## What you should do
Set down all the lines below, each one exactly as shown.

## Excerpted records
Segment Open

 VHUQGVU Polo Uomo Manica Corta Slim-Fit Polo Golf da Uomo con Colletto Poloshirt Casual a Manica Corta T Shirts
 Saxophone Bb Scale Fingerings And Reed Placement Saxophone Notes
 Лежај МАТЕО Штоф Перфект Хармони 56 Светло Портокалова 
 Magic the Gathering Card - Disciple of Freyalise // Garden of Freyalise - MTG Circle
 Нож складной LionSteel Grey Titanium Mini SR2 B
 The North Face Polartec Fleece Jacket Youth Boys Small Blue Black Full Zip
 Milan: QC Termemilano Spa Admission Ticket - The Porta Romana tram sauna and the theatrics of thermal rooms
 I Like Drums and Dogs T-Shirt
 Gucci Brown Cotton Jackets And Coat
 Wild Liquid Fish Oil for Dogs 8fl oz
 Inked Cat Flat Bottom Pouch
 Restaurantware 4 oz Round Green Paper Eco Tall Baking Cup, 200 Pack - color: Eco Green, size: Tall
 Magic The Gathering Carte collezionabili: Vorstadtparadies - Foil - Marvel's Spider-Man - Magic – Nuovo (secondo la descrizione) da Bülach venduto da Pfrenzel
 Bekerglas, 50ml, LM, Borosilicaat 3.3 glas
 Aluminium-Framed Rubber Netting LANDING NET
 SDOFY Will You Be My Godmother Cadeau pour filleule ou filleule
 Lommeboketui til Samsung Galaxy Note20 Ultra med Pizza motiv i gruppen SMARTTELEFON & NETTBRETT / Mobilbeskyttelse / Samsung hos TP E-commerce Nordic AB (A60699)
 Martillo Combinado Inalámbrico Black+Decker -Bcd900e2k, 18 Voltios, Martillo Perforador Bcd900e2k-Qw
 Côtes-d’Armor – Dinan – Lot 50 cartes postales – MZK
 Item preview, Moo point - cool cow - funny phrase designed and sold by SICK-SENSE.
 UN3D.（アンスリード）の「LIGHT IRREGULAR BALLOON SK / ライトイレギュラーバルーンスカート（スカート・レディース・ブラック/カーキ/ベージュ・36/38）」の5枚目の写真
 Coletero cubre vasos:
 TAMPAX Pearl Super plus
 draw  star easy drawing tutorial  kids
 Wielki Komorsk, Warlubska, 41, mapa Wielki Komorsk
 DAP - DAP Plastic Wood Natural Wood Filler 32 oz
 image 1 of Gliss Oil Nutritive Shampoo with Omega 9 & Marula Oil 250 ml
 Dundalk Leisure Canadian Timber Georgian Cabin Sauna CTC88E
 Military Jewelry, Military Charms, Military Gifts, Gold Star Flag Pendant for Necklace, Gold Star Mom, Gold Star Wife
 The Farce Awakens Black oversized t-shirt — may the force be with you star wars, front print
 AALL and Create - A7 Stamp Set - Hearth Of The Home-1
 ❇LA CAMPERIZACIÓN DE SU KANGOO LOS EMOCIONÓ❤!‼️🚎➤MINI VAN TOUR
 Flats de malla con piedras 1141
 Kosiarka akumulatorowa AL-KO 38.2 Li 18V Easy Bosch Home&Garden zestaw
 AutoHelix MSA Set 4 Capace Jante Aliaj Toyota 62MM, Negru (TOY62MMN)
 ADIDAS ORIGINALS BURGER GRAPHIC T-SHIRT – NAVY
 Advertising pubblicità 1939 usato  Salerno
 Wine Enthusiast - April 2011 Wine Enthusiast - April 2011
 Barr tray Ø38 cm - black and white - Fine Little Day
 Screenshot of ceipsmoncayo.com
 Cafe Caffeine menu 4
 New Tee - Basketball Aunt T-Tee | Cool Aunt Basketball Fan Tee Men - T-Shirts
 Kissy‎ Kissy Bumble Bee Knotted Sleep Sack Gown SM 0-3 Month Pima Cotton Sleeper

Segment Closed

## Task response
 VHUQGVU Polo Uomo Manica Corta Slim-Fit Polo Golf da Uomo con Colletto Poloshirt Casual a Manica Corta T Shirts
 Saxophone Bb Scale Fingerings And Reed Placement Saxophone Notes
 Лежај МАТЕО Штоф Перфект Хармони 56 Светло Портокалова 
 Magic the Gathering Card - Disciple of Freyalise // Garden of Freyalise - MTG Circle
 Нож складной LionSteel Grey Titanium Mini SR2 B
 The North Face Polartec Fleece Jacket Youth Boys Small Blue Black Full Zip
 Milan: QC Termemilano Spa Admission Ticket - The Porta Romana tram sauna and the theatrics of thermal rooms
 I Like Drums and Dogs T-Shirt
 Gucci Brown Cotton Jackets And Coat
 Wild Liquid Fish Oil for Dogs 8fl oz
 Inked Cat Flat Bottom Pouch
 Restaurantware 4 oz Round Green Paper Eco Tall Baking Cup, 200 Pack - color: Eco Green, size: Tall
 Magic The Gathering Carte collezionabili: Vorstadtparadies - Foil - Marvel's Spider-Man - Magic – Nuovo (secondo la descrizione) da Bülach venduto da Pfrenzel
 Bekerglas, 50ml, LM, Borosilicaat 3.3 glas
 Aluminium-Framed Rubber Netting LANDING NET
 SDOFY Will You Be My Godmother Cadeau pour filleule ou filleule
 Lommeboketui til Samsung Galaxy Note20 Ultra med Pizza motiv i gruppen SMARTTELEFON & NETTBRETT / Mobilbeskyttelse / Samsung hos TP E-commerce Nordic AB (A60699)
 Martillo Combinado Inalámbrico Black+Decker -Bcd900e2k, 18 Voltios, Martillo Perforador Bcd900e2k-Qw
 Côtes-d’Armor – Dinan – Lot 50 cartes postales – MZK
 Item preview, Moo point - cool cow - funny phrase designed and sold by SICK-SENSE.
 UN3D.（アンスリード）の「LIGHT IRREGULAR BALLOON SK / ライトイレギュラーバルーンスカート（スカート・レディース・ブラック/カーキ/ベージュ・36/38）」の5枚目の写真
 Coletero cubre vasos:
 TAMPAX Pearl Super plus
 draw  star easy drawing tutorial  kids
 Wielki Komorsk, Warlubska, 41, mapa Wielki Komorsk
 DAP - DAP Plastic Wood Natural Wood Filler 32 oz
 image 1 of Gliss Oil Nutritive Shampoo with Omega 9 & Marula Oil 250 ml
 Dundalk Leisure Canadian Timber Georgian Cabin Sauna CTC88E
 Military Jewelry, Military Charms, Military Gifts, Gold Star Flag Pendant for Necklace, Gold Star Mom, Gold Star Wife
 The Farce Awakens Black oversized t-shirt — may the force be with you star wars, front print
 AALL and Create - A7 Stamp Set - Hearth Of The Home-1
 ❇LA CAMPERIZACIÓN DE SU KANGOO LOS EMOCIONÓ❤!‼️🚎➤MINI VAN TOUR
 Flats de malla con piedras 1141
 Kosiarka akumulatorowa AL-KO 38.2 Li 18V Easy Bosch Home&Garden zestaw
 AutoHelix MSA Set 4 Capace Jante Aliaj Toyota 62MM, Negru (TOY62MMN)
 ADIDAS ORIGINALS BURGER GRAPHIC T-SHIRT – NAVY
 Advertising pubblicità 1939 usato  Salerno
 Wine Enthusiast - April 2011 Wine Enthusiast - April 2011
 Barr tray Ø38 cm - black and white - Fine Little Day
 Screenshot of ceipsmoncayo.com
 Cafe Caffeine menu 4
 New Tee - Basketball Aunt T-Tee | Cool Aunt Basketball Fan Tee Men - T-Shirts
 Kissy‎ Kissy Bumble Bee Knotted Sleep Sack Gown SM 0-3 Month Pima Cotton Sleeper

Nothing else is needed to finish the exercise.